Mme Nishimura, qui dirige également l’équipe de promotion de l’égalité des genres du parti d’opposition, espère que les femmes représenteront 30 % des candidats de son parti aux prochaines élections nationales.

Le Parti libéral-démocrate conservateur du premier ministre Fumio Kishida s’est engagé l’année dernière à atteindre 30 % de représentation féminine d’ici dix ans et s’efforce de recruter davantage de candidates.

Un chemin parsemé d’embûches

Trouver des candidates féminines n’est cependant pas facile. Au Japon, on attend encore souvent des femmes qu’elles s’occupent de l’éducation des enfants, des soins aux personnes âgées et d’autres responsabilités familiales.

Les parlementaires nationaux sont également appelés à voyager régulièrement entre Tokyo et leurs circonscriptions d’origine, ce qui rend la tâche particulièrement difficile aux femmes parlementaires qui tentent de concilier carrière et famille. Mme Nishimura affirme que d’anciennes collègues ont quitté la politique nationale et sont retournées dans les assemblées locales en raison de ces enjeux.
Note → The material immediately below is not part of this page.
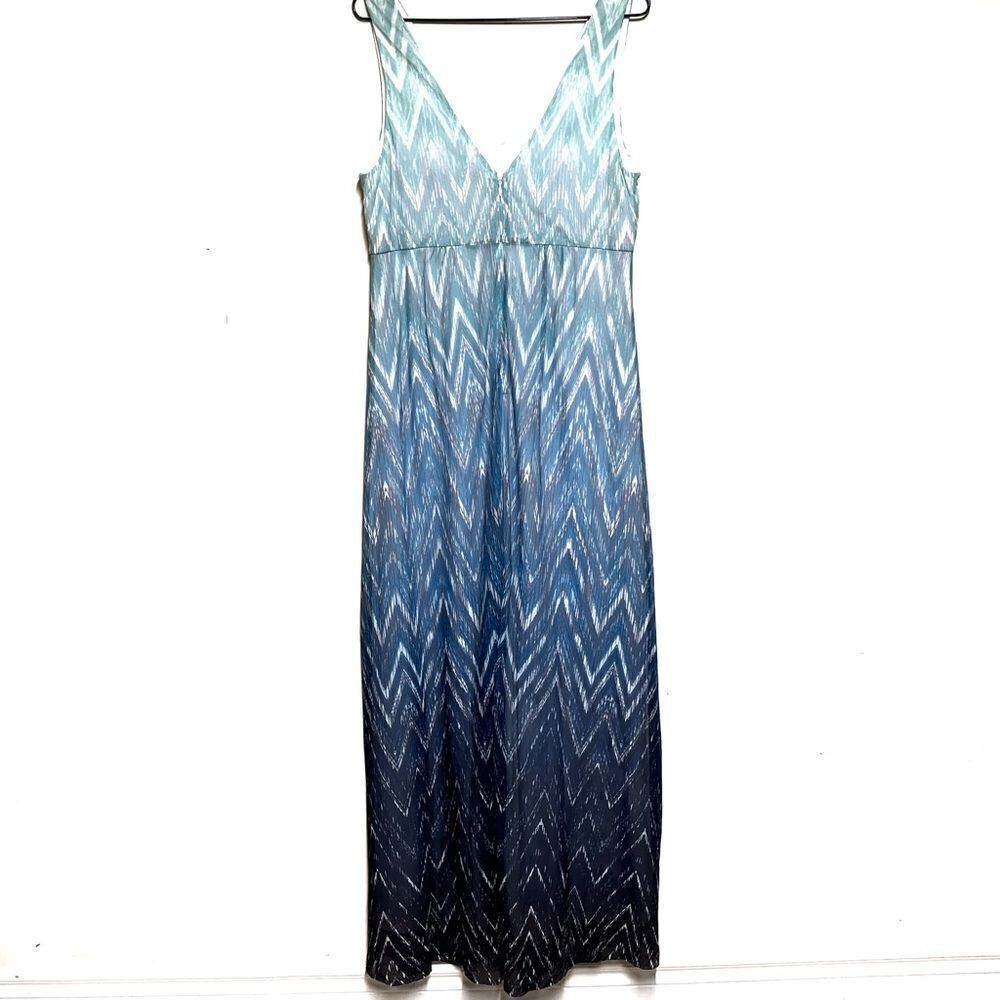 Luxe By Carmen Marc Valvo Multi Color Chevron Zig Zag Maxi Dress Size 14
Chinami Nishimura a débuté sa carrière politique à l’assemblée préfectorale de sa ville natale, Niigata, en 1999, devenant ainsi la première femme à y siéger depuis des décennies. L’assemblée, composée de 53 membres, compte désormais cinq femmes.

Si le nombre de femmes souhaitant entamer une carrière politique augmente, celles-ci restent minoritaires, en particulier dans la politique nationale où les décisions électorales sont largement déterminées par des partis politiques à huis clos et dominés par les hommes, et où les femmes qui s’expriment ouvertement ont tendance à devenir une cible.

L’une des principales rivales de Mme Koike était une femme, Renhō, une ancienne parlementaire chevronnée qui porte un seul nom et qui a terminé troisième. Renhō a déclaré aux journalistes le mois dernier qu’elle voyait souvent les gros titres sur la course au poste de gouverneur de Tokyo écrivant «une bataille de femmes dragons».

«Utiliseriez-vous ce genre d’expression pour décrire une compétition entre candidats masculins?», a-t-elle demandé.

Yuriko Koike, une ancienne présentatrice de journaux télévisés élégante et à l’aise avec les médias, a été élue pour la première fois au Parlement en 1992, à l’âge de 40 ans. Elle a occupé plusieurs postes clés au sein du cabinet, notamment ceux de ministre de l’Environnement et de cheffe de la Défense pour le Parti libéral-démocrate au pouvoir de longue date, avant de devenir gouverneure de Tokyo en 2016.

Renhō, connue pour poser des questions pointues au Parlement, est née d’une mère japonaise et d’un père taïwanais. Ancienne mannequin et présentatrice de nouvelles, elle a été élue au Parlement en 2004 et a été ministre de la Réforme administrative dans le gouvernement dirigé par le Parti démocrate du Japon, qui n’existe plus maintenant.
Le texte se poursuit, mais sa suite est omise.